Life continues past the months of June, July, and August and so must the counselors of Day Camp.


Is it TRUE?!

I really should've been doing one of twenty dozen other things right now instead of making sure MySpace still sucks, but I just clicked on Frodo's link and MySpace gave me the following message, a message that sent joyous flutters throughout my stomach and a paroxysm of pleasure throughout my pancreas:

This user has either cancelled their membership, or their account has been deleted. [sic]

Is it true? Is it TRUE?! Has Frodo been saved? Have the benevolent forces of good grammar and web page usability won a convert back to their fold? Say it's so, Frodo. Say it's so. Angels in heaven are rejoicing as I type.



  1. People whose MySpaces are partially unreadable: DeeDee, Snaps
  2. People whose MySpaces aren't even a little bit readable: Montana
  3. People who think they should be allowed to hijack my computer's speaker, drowning out my soundtrack to In The Mix with whatever no-bit-rate song they think sounds "kewl": Hula, Montana, Jayber
  4. People who do [3] one worse by forcing video on me: Spidey
  5. Person with the most friends: Snaps, 307, with about three times as many as her nearest competitor
  6. Person who really oughtta get a life: Me. (Bet you thought I was gonna say Snaps, huh? Nope. I'd hate to tangle with her and her 307 internet superfriends.)


Blogger Chilly said...

thank you gator. thank you.

1:11 PM

Blogger Gator said...

Two posts in three days. What'd you guys get me for Christmas?

1:16 PM

Blogger alexandra said...

what is this???

seriously, gator, the bitterness i feel in my heart right now is not really meshing with my "Christmas spirit"... something i would've thought you might've picked up somewhere around the lap of santa.

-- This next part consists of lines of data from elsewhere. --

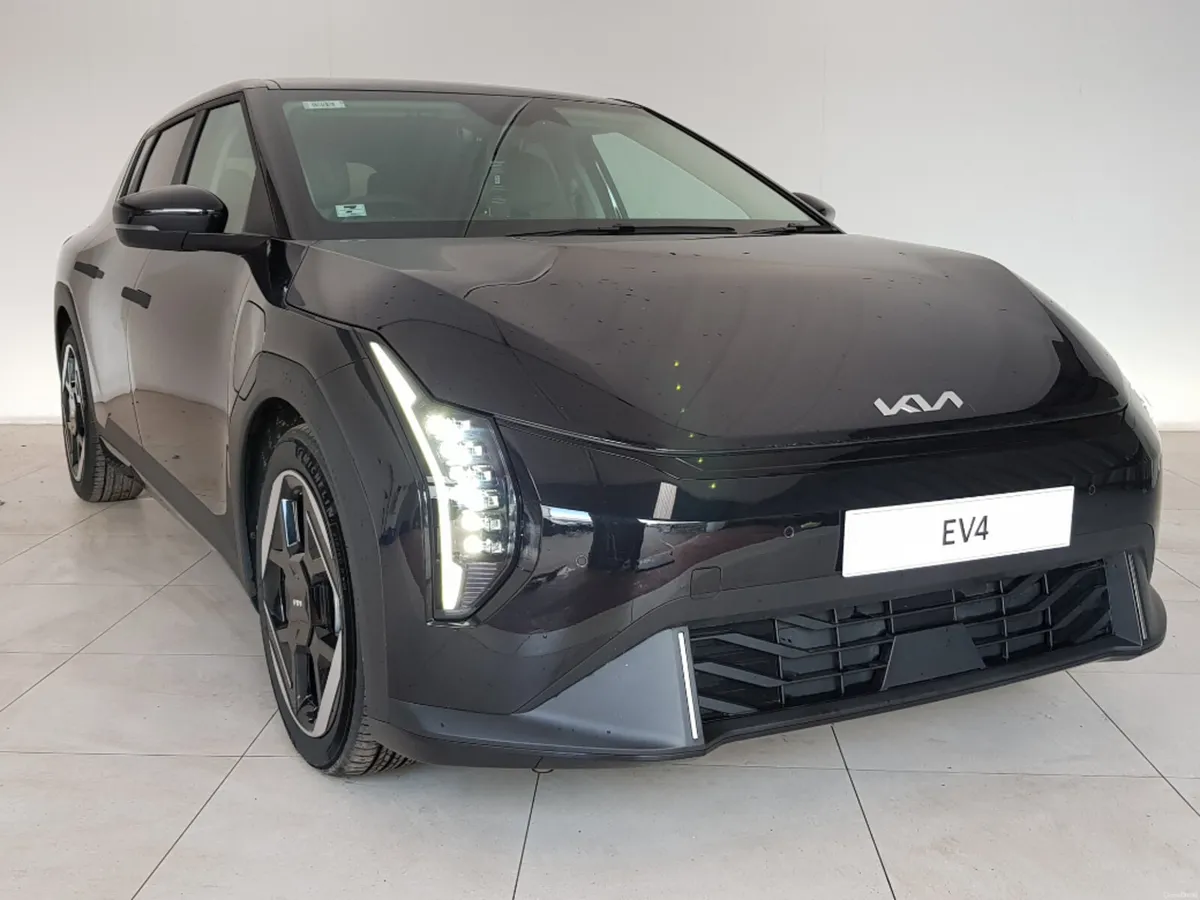 Kia EV4 Kia EV4 SZ HB EARTH K3 Black - Image 1
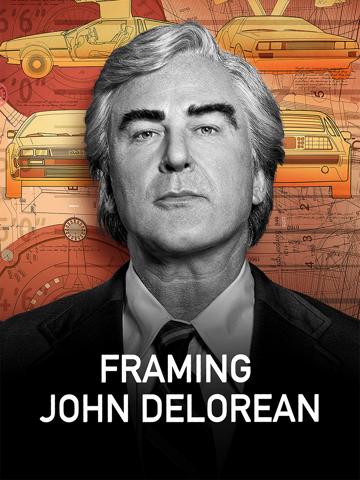 A rendkívüli John DeLorean poszter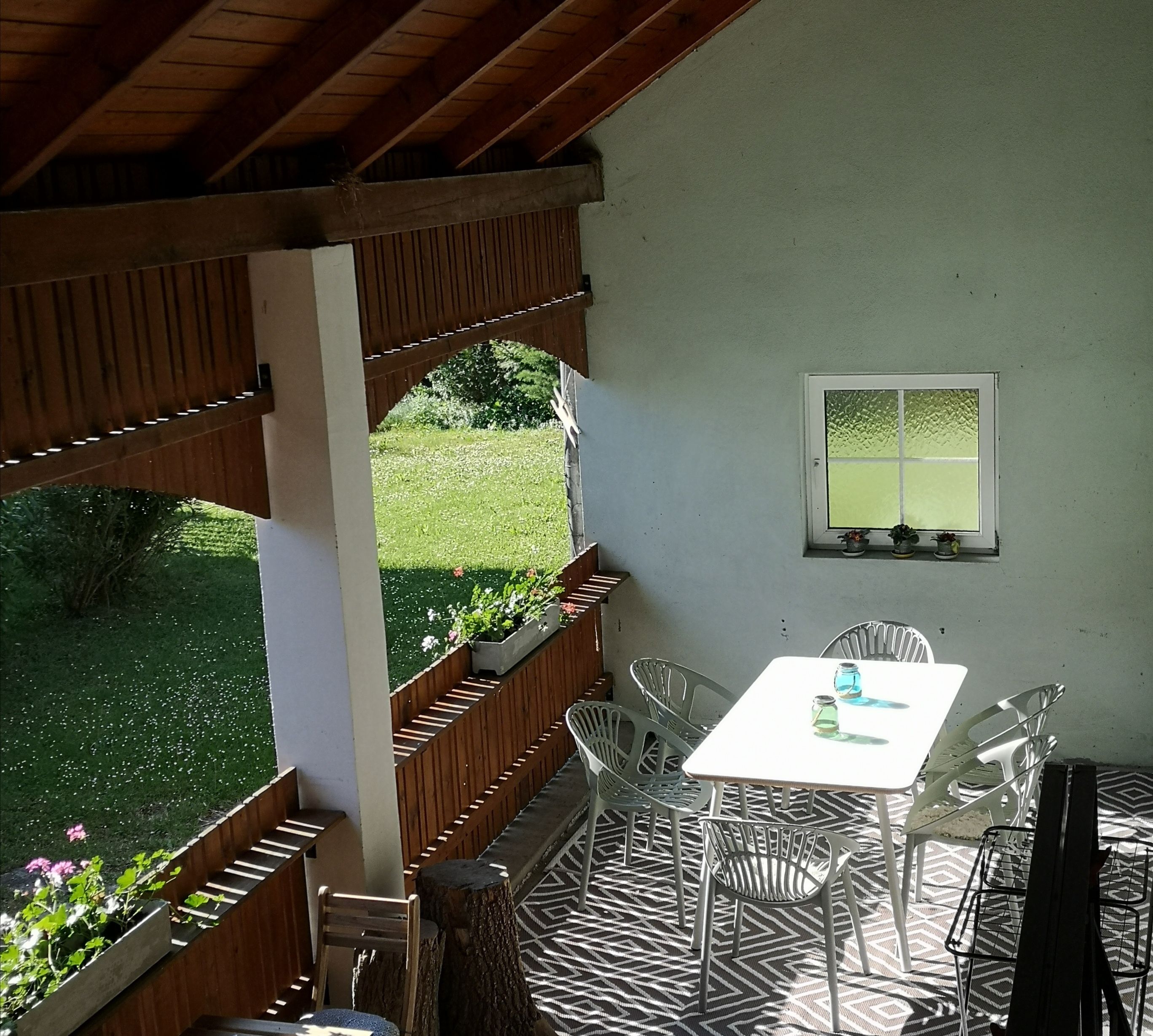 Covered outdoor area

jerk. (you're just jealous cuz i'm more popular.)

P.S. gator has a myspace account.
i saw it when i was at his house. its under his gmail email name. look him up.

1:29 PM

Blogger Fisher-man said...

Ooooooohhhhhh - - - - Did she just out you? I mean, can you even go on MySpace if you don't have an account? Sounds like G8R might have a little MySpace page of his own.

By the way: This post is hilarious.

11:50 PM

Blogger Matt said...

Gator, I laughed at first that you called out all the myspacers, but then I realized you're like that kid who sits next to the football field hoping that one of the other kids won't show up so you can play.

eff it, good post.

1:32 AM

Blogger Christopher said...

Don't hate sucka

9:31 AM

Blogger Michael K. said...

Glad you pointed out the fact that you're the big loser here. Just so you know, though, self-deprecation does not save you on this one. Realization that one is, in fact, a loser does not change the loser-quotient for one's self. Sorry buddy.

10:41 AM

Blogger Gator said...

Seems Jav has finally, after many long nights in the lab, turned the English language into his own Doomsday device, completely obliterating meaning with all his fifty-cent words. *sigh* I am not going to enjoy this blog when that boy gets his Ph.D.

10:51 AM

Blogger Christopher said...

Reading Jav's words makes my head hurt.

1:40 PM

Blogger Frodo said...

Yes, it is true. God reached down into the myspace mire, and rescued me. In fact, I have been so out of the internet loop, that I haven't been able on blogger, hence how long it took me to confirm that I am OFF!